## Exercise aim:
How many lines in the data below contain the string "partido"? State that number only.

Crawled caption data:
□ □ □ □

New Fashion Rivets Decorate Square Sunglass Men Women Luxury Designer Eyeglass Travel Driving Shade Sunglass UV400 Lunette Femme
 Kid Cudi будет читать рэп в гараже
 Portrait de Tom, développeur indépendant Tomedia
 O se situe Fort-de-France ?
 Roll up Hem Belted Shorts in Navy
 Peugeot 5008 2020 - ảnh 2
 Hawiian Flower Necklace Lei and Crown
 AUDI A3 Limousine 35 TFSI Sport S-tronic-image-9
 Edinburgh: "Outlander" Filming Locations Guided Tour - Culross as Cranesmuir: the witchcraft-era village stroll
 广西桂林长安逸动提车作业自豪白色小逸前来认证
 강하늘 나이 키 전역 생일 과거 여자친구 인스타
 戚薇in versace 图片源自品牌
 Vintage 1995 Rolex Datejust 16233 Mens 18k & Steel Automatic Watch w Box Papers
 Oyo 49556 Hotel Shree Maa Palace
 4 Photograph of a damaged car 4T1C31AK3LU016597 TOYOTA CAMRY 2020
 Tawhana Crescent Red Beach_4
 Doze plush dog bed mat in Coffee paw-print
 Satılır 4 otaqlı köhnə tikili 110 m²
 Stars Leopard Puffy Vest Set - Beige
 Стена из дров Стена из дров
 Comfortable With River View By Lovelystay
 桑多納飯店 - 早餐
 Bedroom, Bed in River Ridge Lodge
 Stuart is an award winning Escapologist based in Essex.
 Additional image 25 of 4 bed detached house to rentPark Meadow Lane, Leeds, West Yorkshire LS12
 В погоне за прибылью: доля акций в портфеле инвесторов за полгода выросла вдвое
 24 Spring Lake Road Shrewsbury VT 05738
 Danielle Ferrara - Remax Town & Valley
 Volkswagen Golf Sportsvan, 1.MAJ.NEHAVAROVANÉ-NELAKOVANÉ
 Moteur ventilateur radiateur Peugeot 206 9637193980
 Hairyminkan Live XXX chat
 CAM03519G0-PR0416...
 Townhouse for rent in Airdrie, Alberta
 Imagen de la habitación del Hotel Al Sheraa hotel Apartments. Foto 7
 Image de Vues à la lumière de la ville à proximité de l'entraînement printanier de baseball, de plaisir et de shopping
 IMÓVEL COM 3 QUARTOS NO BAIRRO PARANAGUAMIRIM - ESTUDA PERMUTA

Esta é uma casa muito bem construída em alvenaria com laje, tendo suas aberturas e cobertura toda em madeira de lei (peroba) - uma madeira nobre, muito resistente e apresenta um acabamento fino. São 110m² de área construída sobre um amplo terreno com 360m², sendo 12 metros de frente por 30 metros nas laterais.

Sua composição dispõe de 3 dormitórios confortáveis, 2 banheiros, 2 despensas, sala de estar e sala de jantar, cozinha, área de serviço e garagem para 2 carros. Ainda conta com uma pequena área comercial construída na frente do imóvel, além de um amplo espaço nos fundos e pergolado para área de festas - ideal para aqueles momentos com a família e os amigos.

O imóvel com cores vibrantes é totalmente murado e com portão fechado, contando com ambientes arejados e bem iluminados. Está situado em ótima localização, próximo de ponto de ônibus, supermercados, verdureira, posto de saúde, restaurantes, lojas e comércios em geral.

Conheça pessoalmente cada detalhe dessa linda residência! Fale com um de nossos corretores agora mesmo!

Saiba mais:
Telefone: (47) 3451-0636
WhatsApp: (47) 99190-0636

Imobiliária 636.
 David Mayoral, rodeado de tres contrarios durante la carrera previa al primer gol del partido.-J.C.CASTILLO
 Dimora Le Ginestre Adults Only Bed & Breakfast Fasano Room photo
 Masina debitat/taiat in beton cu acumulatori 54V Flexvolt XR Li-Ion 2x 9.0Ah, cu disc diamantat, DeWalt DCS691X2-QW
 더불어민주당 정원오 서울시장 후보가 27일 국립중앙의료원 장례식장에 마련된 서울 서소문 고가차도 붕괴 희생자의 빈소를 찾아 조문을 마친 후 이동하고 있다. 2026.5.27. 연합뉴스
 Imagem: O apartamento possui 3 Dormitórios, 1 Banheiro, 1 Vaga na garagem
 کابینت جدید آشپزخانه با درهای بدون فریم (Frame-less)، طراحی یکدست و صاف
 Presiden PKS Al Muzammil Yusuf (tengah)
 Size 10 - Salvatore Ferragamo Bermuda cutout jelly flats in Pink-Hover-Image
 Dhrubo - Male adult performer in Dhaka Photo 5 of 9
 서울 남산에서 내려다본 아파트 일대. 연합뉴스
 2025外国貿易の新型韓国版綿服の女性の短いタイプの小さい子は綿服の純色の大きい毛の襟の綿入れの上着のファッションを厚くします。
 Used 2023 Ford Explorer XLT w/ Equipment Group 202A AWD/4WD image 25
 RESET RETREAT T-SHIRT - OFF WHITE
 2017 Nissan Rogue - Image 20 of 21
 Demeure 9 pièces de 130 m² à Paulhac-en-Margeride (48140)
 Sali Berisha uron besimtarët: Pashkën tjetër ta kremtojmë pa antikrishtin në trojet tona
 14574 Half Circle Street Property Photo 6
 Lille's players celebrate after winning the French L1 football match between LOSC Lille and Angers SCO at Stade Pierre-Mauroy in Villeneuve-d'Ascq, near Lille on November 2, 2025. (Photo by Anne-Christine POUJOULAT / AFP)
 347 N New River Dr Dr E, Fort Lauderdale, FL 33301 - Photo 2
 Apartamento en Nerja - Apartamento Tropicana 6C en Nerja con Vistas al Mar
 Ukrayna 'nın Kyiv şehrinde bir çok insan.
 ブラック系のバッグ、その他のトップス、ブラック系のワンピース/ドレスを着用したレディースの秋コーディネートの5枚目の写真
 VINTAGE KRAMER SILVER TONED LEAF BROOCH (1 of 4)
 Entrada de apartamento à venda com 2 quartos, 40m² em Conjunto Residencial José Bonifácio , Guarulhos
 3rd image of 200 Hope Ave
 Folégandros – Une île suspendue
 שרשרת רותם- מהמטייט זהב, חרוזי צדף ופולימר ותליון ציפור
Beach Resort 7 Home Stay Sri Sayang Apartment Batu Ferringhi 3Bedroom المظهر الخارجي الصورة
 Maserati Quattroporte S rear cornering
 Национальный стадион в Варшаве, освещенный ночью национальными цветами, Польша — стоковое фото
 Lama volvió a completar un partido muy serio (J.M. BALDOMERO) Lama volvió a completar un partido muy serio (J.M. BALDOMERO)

□ □ □ □

## Expected output:
2